#### DATA SECTION
________________
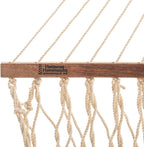 Hatteras Hammocks Deluxe Oatmeal Duracord Rope Hammock with Free Extension Chains & Tree Hooks, Handcrafted in The USA, 450 LB Weight Capacity, 13 ft. x 60 in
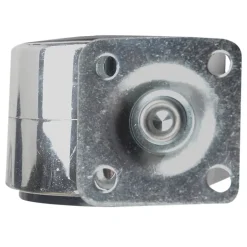 Roulette jumelée pivotante sans frein ø50 mm, plaque 38 x 38 mm chromé, charge max 40 kg^ Hot
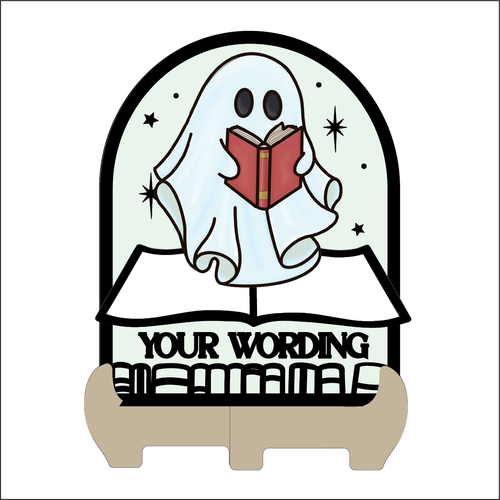 OL5986 - MDF Arched Themed Personalised Book Shelf Plaque with optional stand - Book Ghost 1 - Olifantjie - Wooden - MDF - Lasercut - Blank - Craft - Kit - Mixed Media - UK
________________
#### EXERCISE DESCRIPTION
Produce a word-for-word version of the material, with no pictures included.

#### SOLUTION FOR THIS EXERCISE
 Hatteras Hammocks Deluxe Oatmeal Duracord Rope Hammock with Free Extension Chains & Tree Hooks, Handcrafted in The USA, 450 LB Weight Capacity, 13 ft. x 60 in
 Roulette jumelée pivotante sans frein ø50 mm, plaque 38 x 38 mm chromé, charge max 40 kg^ Hot
 OL5986 - MDF Arched Themed Personalised Book Shelf Plaque with optional stand - Book Ghost 1 - Olifantjie - Wooden - MDF - Lasercut - Blank - Craft - Kit - Mixed Media - UK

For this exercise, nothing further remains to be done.